Of course, this list doesn't include those whom I'd met personally and gave me a birthday handshake/hug/kiss.

On the eve of my birthday, I stayed at a friend's place and watched AMI after a casual dinner at Billy Bombers. How idyllic.

On my birthday itself, I got sloshed at Phuture after having dinner at a Jap restaurant with my colleagues. Thanks to all those who turned up that night. Despite the pathetic state that I got myself into, I enjoyed myself tremendously.

On the day after my birthday, I met my usual sec sch gal gang and we had a yummy-licious dinner at this new italian cafe place at Raffles City. Can't remember the name of the place though, it's so "chimn" and forgettable. If you're there, try the Lamb Shank, it's gawddamn heavenly!

On the day after after my birthday, I met my usual 32/99 gang and we had lunch at Cafe Cartel in PS. I ate my new-found fave Panfried Linguine, but it doesn't fill me up much. Afterwards, we did our usual gal-shopping, I missed doing that with them.

So that's it, the end of my weekend-long holi-cum-birthday.

And the pressies that I'd received?

- One bikini from Roxy. (I loved it! Though my aim this year, and the year before that, is to be as fair as Fann Wong. So guess, I won't be using the bikini much. ho ho)
- One original soundtrack from the Phantom of the Opera
- One Guess? watch
- One birthday card
- One yummy-looking nail polish from Lancome
- One pair of earrings
- One bottle of Lancome's new fragrance, Miracle So Magic! (though how different it is from its predecessor, Miracle, I can't tell. I have both fragrances at the moment)
- One $50 cash voucher from Mango

Anyone has more pressies for me? Belated ones are most welcome. ho ho ho

Saturday, January 22, 2005

Post Birthday Blues


Ok, this proves it.

I'm totally not a good drinker.

This is the second time that I've officially gotten wasted and aka made a scene outta myself.

I refuse to accept this fact though, this fact that I can't go beyond anything than a glass of vodka.

What exactly did I drink? Let's see.

- One glass of Screwdriver (vodka with orange)
- Many many sips of Long Island Tea
- One shot of pure, plain vodka (really potent stuff)


How can it be, right? That I could actually get myself drunk on the above.

I think my system just totally rejects alcohol. *looks around for more excuses*

Can't recall how many times I've puked, but I left several prints behind outside Zouk and Phuture. Er-hem.

Thanks to my good gal-pals though, who took good care of me. Oh yah, and a male colleague was really helpful as well.

At least I only get drunk when I know that I'm in good hands.

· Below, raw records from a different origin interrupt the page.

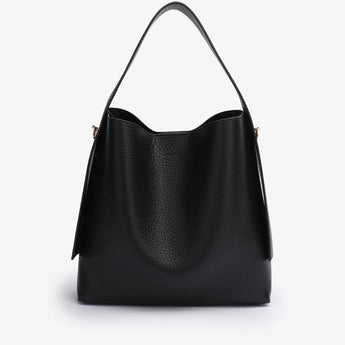 REMI/REID Paloma Shoulder Bag • Black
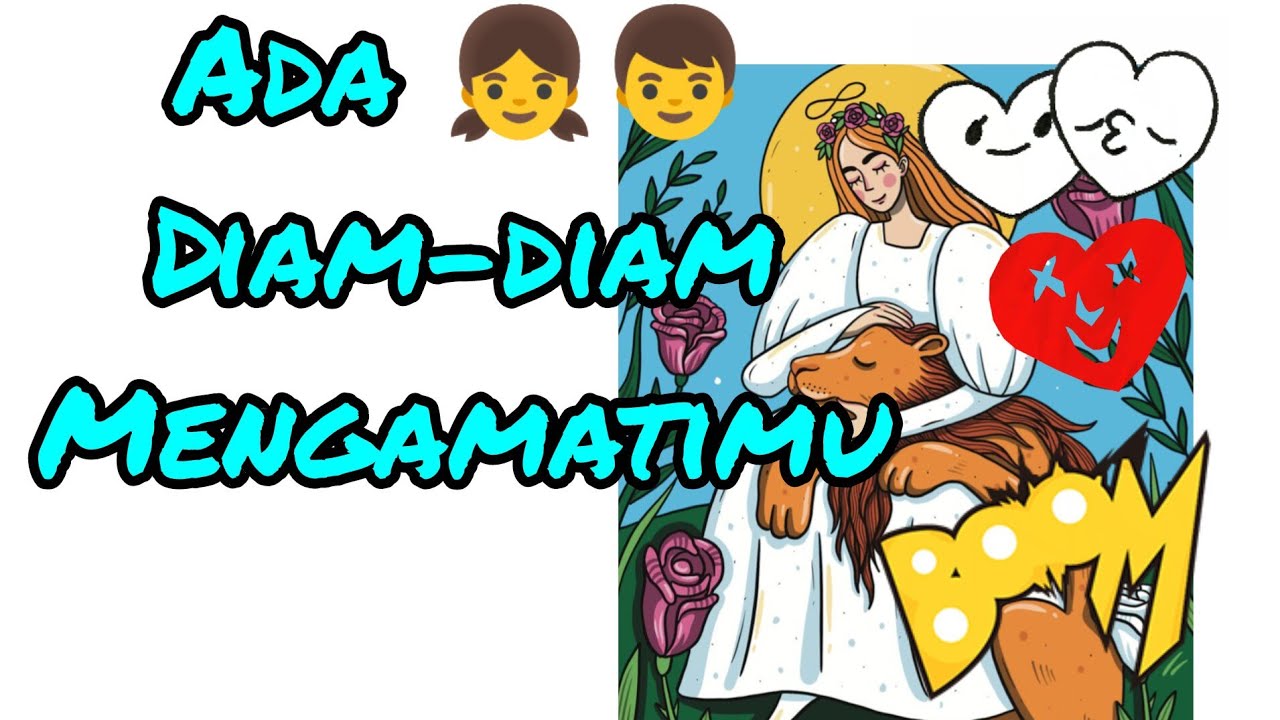 Ada YANG diam-diam MENGIKUTI Kamu🧏‍♂️👉💭#tarotreading 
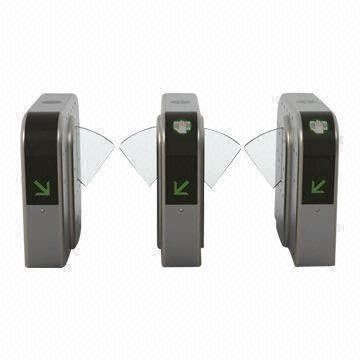 <75dBA の騒音および IP65 評価の光学回転木戸/折り返しの障壁/速度ゲート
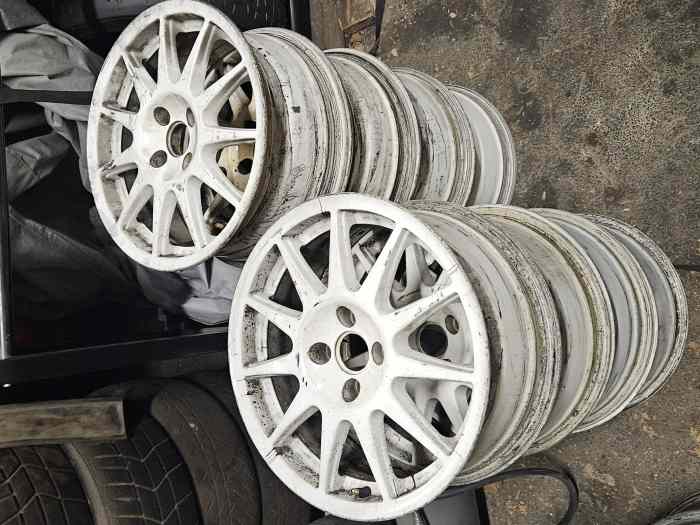 lot piece clio 2 rs2 n3 4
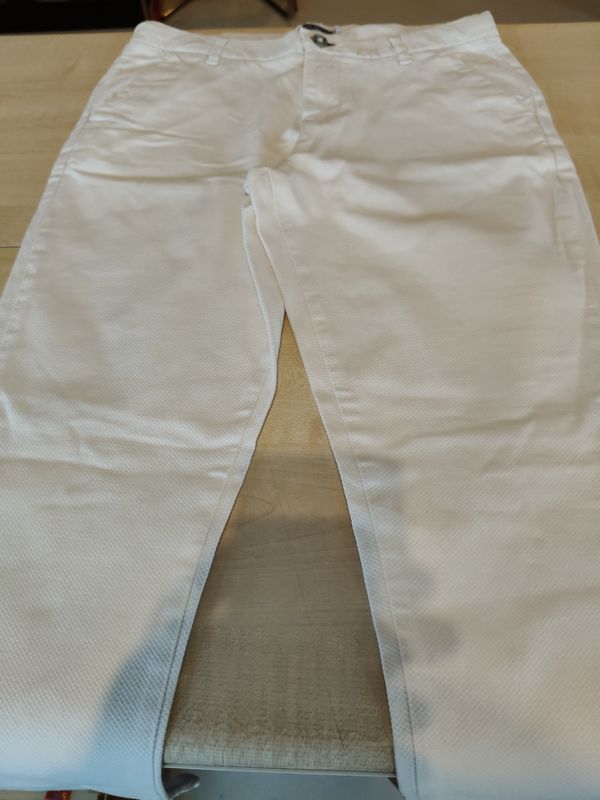 Pantaloni bimbo 12/13 anni Original marines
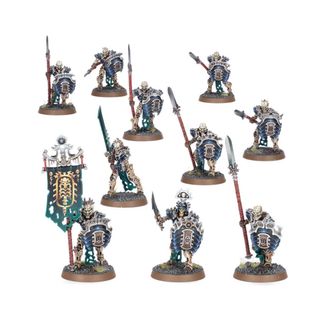 Warhammer Age of Sigmar Heralds of the Bone-tithe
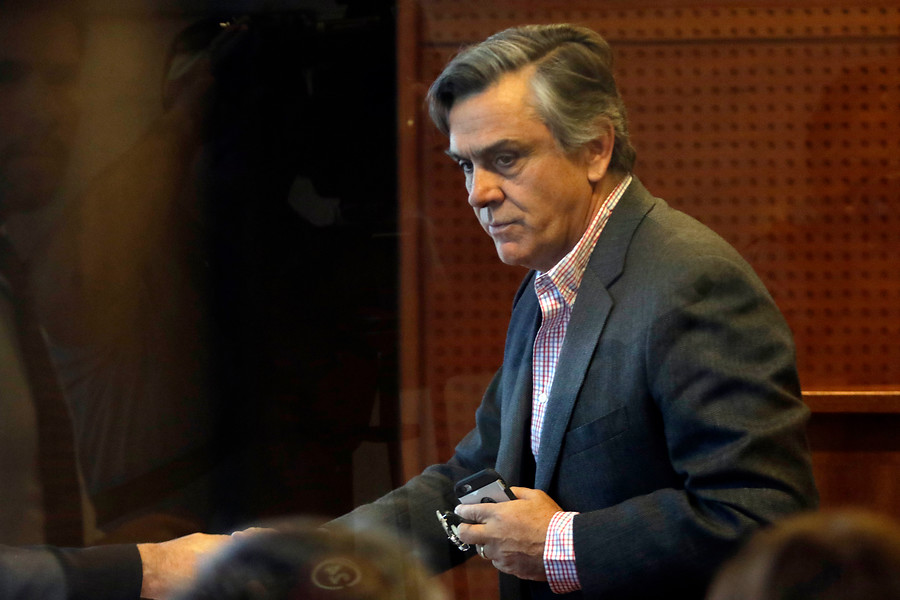 Revelan emails entre Longueira y abogado de SQM por reforma al Código de Aguas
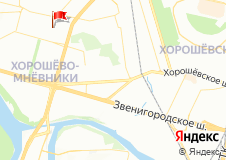 Стадион школы 1089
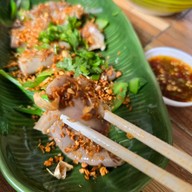 ก๋วยเตี๋ยวหมูภูเขาไฟอุดมผล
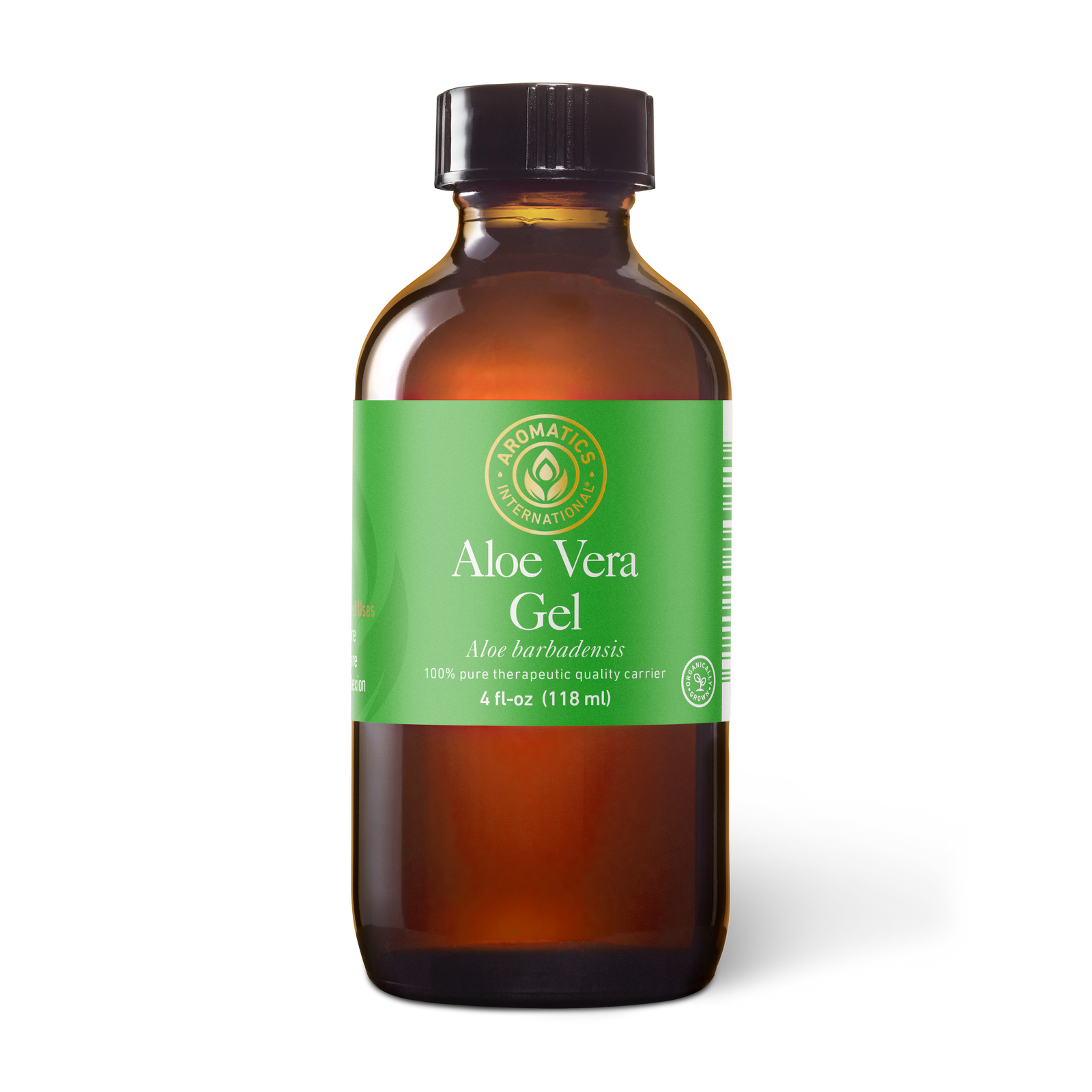 Aloe Vera Gel - 4fl - oz - Carriers - Aromatics International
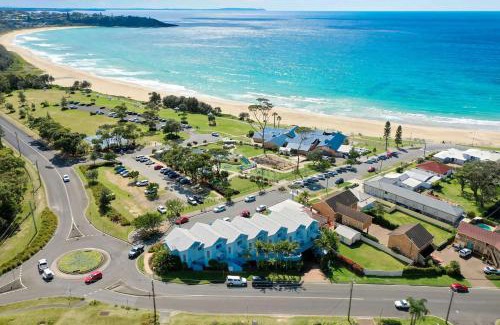 Mollymook Apartamento | Breakers 2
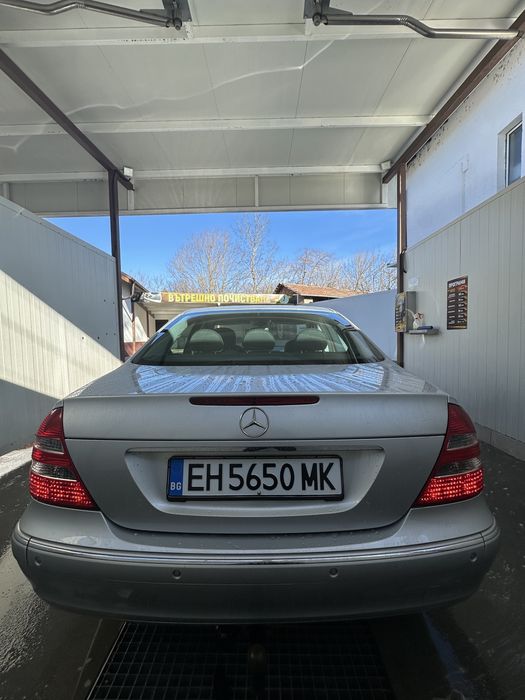 Mercedes Benz E - Klasse 280 CDI V6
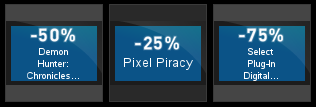 Steam  -  [ ]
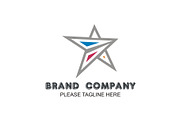 20 Logo Star Templates Bundle, a Branding & Logo Template by Friendesigns (Thumbnail 8 of 21)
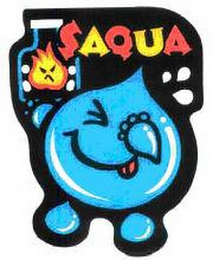 SAQUA logo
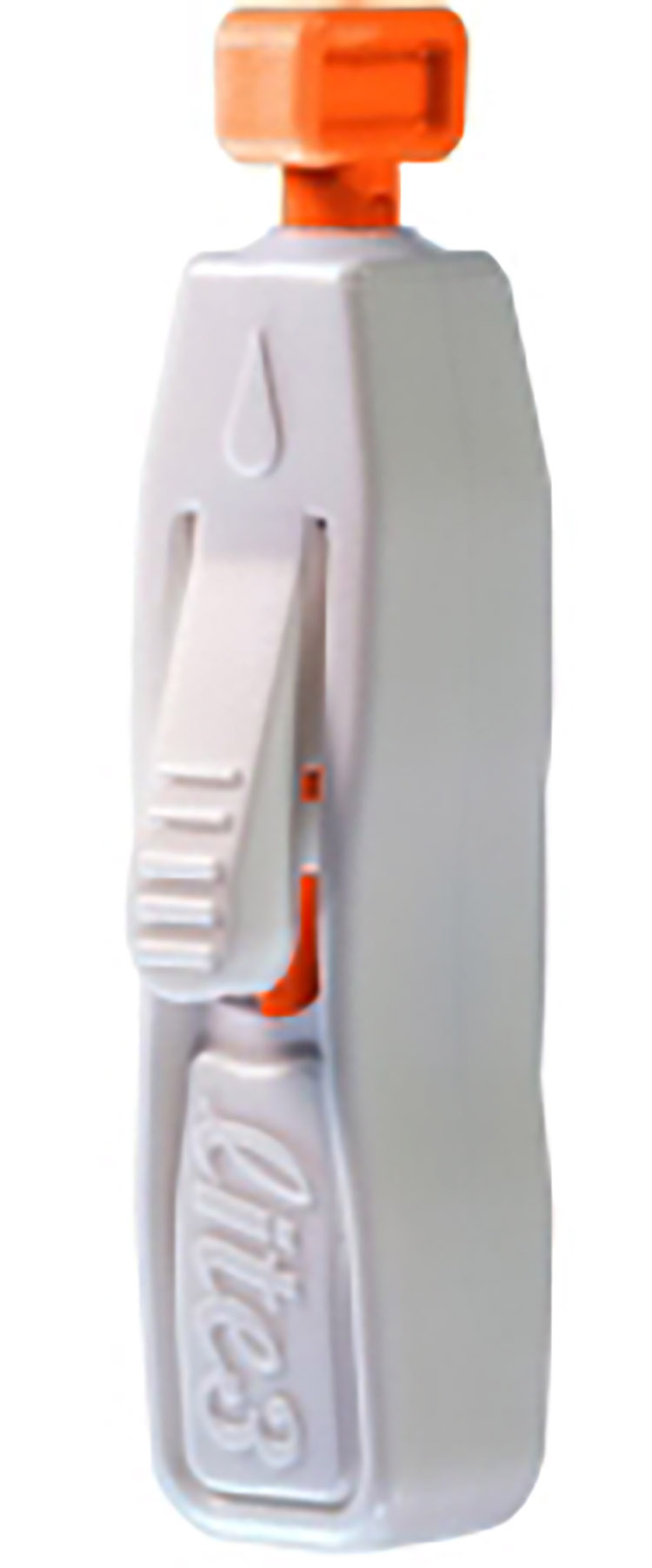 Turvalansetti Sterilance Lite3 21G x 1,8 mm oranssi 100 kpll - turvallinen näytteenottoneula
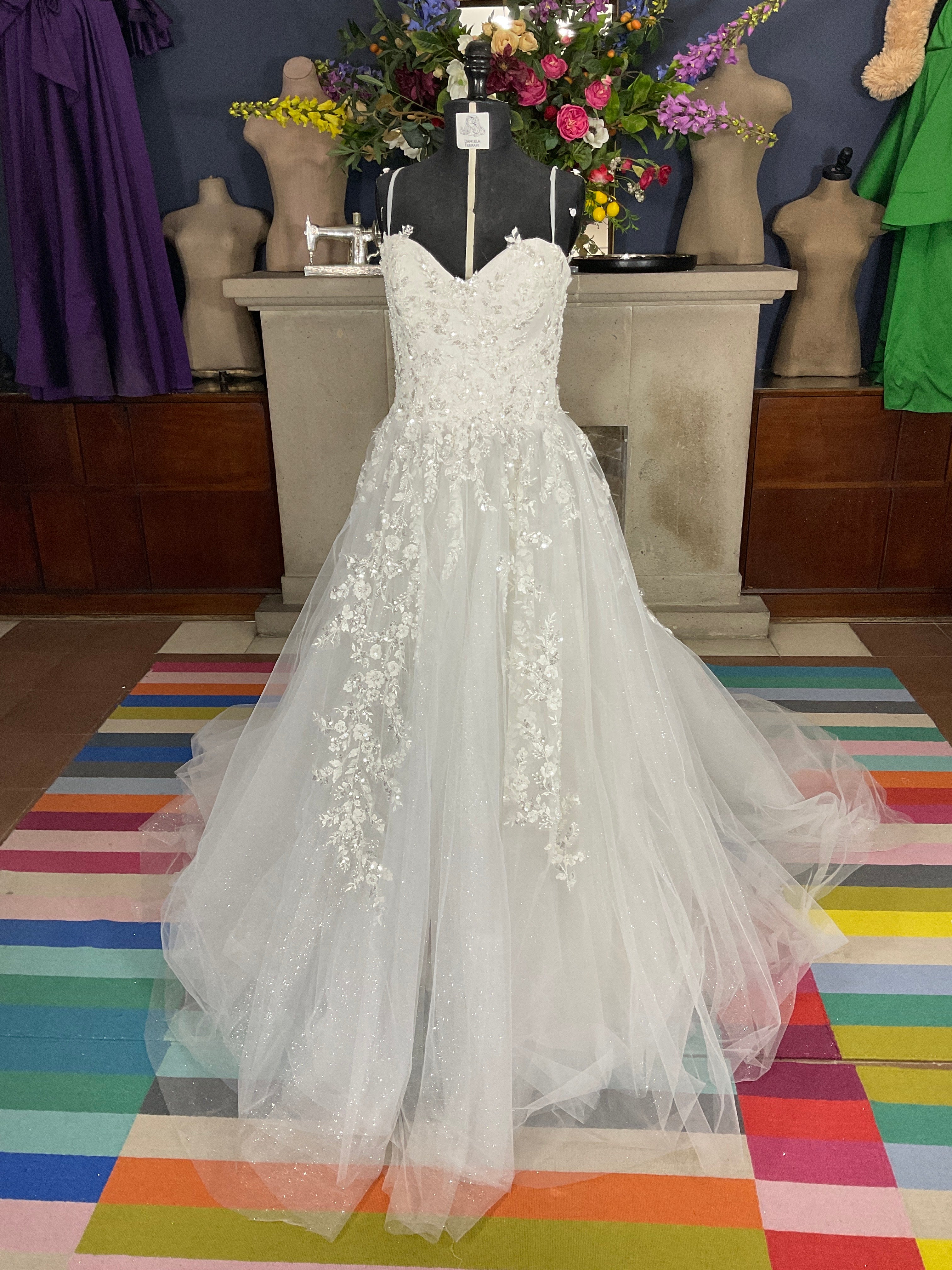 Ottilie Vestido de Novia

So cut me some slack, yah? heheh.

Ok, back to more sleep. Ta-dah!

And that makes me officially 23. Boo hoo.

TODAY'S MY BIRTHDAY!!!!

HAPPY HARI RAYA HAJI, EVERYONE. =)

Tuesday, January 18, 2005

CAN SOMEONE TELL ME WHAT HAPPENED TO MY POSTS???

WHY IS THE TEXT OUT OF THE MARGIN?????


Monday, January 17, 2005

Happy Lil Bunny


Imma happy lil bunny today.

Sohappymywordsarestucktogether
asItrytostringthemoutinsentences.

Okay, before you think that I've gone mad, lemme just clarify that I'm not happy HAPPY.

I'm cheery happy.

First things first, I didn't suffer from Monday blues today.

I didn't feel smothered by work, a feeling which I normally get on Mondays after a short weekend hiatus.

Maybe it's because I came to work yesterday, on a Sunday.

And secondly, I had a pretty wild time at work today, laughing and enjoying myself like I'm working at the playground of all times.

Seriously, we're a bunch of loonies, we are.

Our childish behaviour can be pretty embarrassing, if I dare say so myself.

I got into a "fight" with a guy at work, and we kinda punched each other.

Yah, I'm not kidding.

He gave me the hardest hand squeeze I had in years and almost killed me.

That sonabitch also gave me a punch in the shoulder.

Of course I retaliated, I wouldn't let him off easily, no siree.

I'd almost kicked his b*lls, but decided not to aim for the kill, and kicked his leg instead.

Yups, I hadn't gotten into a fight with a guy for quite a while, and certainly not from work. ho ho ho


Newbie Alert!


Not only that, we had 3 newbies reporting for work today, 1 of which is a guy from NUS Bizad, same batch as me, a friend's friend.

It was a coincidence, really.

I was chatting to this same guy who came into our office for an interview with the big boss months ago.

Months later, he turned up for work.

And I found out that we have a mutual friend, and from the same school.

Cool.

Psst, did I mention too that he's quite a dish? haha, cheeky me.

So it was a pretty fun day at work.

PLUS (and it's a major PLUS), I WENT FOR A MANICURE AFTER WORK TODAY!!!!!!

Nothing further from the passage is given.